Acrylic on canvas, 2013

91,4 x 121,9 cm
Estimate
$7 000
Tortoise and Hare explores various narrative, genre, and framing relationships that can be drawn between nineteenth-century studio photography and early illustration, through the device of a well-known fable. As well as suggesting references to the speeding up of all aspects of contemporary life, the tortoise-and-hare metaphor is often used in relation to banking and investment–an area of increasing speed and risk. The figure riding the tortoise is a reference to existing archival photos of Walter Rothschild (reluctant financier of the Rothschild family) riding his pet tortoise.
Biographical note
Carol Wainio has exhibited widely in Canada and abroad, including at the National Gallery of Canada, the Art Gallery of Ontario, the Musée d’art contemporain de Montréal, the Stedelijk Museum, the Venice Biennale, and the Galleria Comunale d’Arte Moderna in Bologna, as well as in the U.S. and China. Her paintings are represented in major corporate, private, and public collections, including the National Gallery, the Musée des Beaux Arts de Montréal, the Art Gallery of Ontario, the Glenbow Museum, and the Musée d’art contemporain de Montréal. She is the recipient of numerous grants and awards, and is an adjunct professor at the University of Ottawa. Her work explores the role that painting can still play in opening up a discursive space around narrative, history, material culture, globalization and environment, reproduction, art and commodity, and various historical forms of representation—“high art,” political, or vernacular.

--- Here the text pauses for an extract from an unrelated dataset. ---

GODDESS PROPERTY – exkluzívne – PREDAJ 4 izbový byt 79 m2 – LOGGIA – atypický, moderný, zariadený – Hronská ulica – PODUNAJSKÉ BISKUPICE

The paintings draw together diverse references, including historical illustrators such as J. J. Grandville, research in the Walter Benjamin Children’s Book Collection and other archives, early advertisements based on fairy tales, and archival and contemporary photographs—to investigate and re-stage narratives of transformation, commodification, and desire that pose questions about the present, the long-ago, and the far-away.